Using the data that follows, return exactly the lines from the one that contains "2007 Mercedes Combined" through the one that contains "Toyota Yaris IV", ends included.
╭──
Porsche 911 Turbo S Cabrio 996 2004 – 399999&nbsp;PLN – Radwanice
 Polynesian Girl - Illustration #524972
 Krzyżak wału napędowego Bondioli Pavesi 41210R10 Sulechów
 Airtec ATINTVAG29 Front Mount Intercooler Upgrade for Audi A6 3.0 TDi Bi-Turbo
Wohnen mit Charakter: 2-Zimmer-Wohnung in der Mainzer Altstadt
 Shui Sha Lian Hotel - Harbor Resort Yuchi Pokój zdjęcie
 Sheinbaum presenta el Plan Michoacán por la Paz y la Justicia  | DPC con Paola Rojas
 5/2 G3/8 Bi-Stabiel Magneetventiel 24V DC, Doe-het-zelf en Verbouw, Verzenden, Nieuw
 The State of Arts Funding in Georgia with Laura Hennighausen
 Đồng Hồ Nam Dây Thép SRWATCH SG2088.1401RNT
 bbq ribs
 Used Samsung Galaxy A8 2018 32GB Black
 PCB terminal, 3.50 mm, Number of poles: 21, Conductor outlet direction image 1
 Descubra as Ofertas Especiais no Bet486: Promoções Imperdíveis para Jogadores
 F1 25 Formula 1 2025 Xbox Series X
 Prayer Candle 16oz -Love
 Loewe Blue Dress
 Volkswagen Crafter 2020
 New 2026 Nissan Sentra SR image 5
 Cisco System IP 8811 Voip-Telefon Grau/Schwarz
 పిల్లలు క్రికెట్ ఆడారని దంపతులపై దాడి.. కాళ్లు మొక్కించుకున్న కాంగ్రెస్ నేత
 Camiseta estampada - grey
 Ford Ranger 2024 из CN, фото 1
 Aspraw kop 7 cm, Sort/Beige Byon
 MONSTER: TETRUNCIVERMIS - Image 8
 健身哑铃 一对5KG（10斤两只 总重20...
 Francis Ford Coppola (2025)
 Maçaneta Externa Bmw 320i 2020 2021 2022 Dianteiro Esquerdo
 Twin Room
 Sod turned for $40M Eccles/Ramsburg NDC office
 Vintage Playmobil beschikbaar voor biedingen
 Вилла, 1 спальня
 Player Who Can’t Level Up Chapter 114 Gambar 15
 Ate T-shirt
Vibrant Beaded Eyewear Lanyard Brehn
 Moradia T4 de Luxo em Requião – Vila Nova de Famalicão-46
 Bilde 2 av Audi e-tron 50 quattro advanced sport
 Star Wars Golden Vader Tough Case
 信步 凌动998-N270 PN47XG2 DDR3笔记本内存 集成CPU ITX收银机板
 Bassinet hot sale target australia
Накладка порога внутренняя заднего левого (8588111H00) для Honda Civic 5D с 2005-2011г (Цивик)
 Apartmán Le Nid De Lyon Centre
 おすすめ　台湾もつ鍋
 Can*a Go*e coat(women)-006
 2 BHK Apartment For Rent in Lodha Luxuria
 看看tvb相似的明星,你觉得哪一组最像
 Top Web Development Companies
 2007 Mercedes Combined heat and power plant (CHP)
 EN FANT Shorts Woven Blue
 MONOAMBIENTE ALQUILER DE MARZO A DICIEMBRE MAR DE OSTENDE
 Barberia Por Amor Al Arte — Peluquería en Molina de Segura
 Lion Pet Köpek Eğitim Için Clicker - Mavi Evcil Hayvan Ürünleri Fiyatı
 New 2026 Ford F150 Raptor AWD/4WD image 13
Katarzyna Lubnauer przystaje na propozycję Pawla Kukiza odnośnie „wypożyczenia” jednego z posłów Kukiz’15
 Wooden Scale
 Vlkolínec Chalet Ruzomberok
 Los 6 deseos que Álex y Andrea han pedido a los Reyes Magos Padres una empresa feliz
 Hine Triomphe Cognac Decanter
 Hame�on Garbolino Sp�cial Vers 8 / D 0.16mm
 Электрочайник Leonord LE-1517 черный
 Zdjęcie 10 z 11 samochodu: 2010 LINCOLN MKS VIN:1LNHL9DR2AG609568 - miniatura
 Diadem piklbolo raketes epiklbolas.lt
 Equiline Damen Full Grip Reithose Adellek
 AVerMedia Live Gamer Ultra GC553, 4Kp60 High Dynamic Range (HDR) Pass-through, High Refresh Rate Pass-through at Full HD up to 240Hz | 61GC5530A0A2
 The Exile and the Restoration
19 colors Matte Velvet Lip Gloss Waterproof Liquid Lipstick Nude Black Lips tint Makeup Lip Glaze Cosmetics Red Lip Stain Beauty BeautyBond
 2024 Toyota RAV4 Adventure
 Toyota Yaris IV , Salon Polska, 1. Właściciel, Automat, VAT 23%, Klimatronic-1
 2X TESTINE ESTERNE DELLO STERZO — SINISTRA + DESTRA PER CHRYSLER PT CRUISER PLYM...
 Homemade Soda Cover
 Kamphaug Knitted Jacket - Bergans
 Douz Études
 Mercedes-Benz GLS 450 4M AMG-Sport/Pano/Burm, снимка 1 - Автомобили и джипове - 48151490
╰──
Exercise result -
 2007 Mercedes Combined heat and power plant (CHP)
 EN FANT Shorts Woven Blue
 MONOAMBIENTE ALQUILER DE MARZO A DICIEMBRE MAR DE OSTENDE
 Barberia Por Amor Al Arte — Peluquería en Molina de Segura
 Lion Pet Köpek Eğitim Için Clicker - Mavi Evcil Hayvan Ürünleri Fiyatı
 New 2026 Ford F150 Raptor AWD/4WD image 13
Katarzyna Lubnauer przystaje na propozycję Pawla Kukiza odnośnie „wypożyczenia” jednego z posłów Kukiz’15
 Wooden Scale
 Vlkolínec Chalet Ruzomberok
 Los 6 deseos que Álex y Andrea han pedido a los Reyes Magos Padres una empresa feliz
 Hine Triomphe Cognac Decanter
 Hame�on Garbolino Sp�cial Vers 8 / D 0.16mm
 Электрочайник Leonord LE-1517 черный
 Zdjęcie 10 z 11 samochodu: 2010 LINCOLN MKS VIN:1LNHL9DR2AG609568 - miniatura
 Diadem piklbolo raketes epiklbolas.lt
 Equiline Damen Full Grip Reithose Adellek
 AVerMedia Live Gamer Ultra GC553, 4Kp60 High Dynamic Range (HDR) Pass-through, High Refresh Rate Pass-through at Full HD up to 240Hz | 61GC5530A0A2
 The Exile and the Restoration
19 colors Matte Velvet Lip Gloss Waterproof Liquid Lipstick Nude Black Lips tint Makeup Lip Glaze Cosmetics Red Lip Stain Beauty BeautyBond
 2024 Toyota RAV4 Adventure
 Toyota Yaris IV , Salon Polska, 1. Właściciel, Automat, VAT 23%, Klimatronic-1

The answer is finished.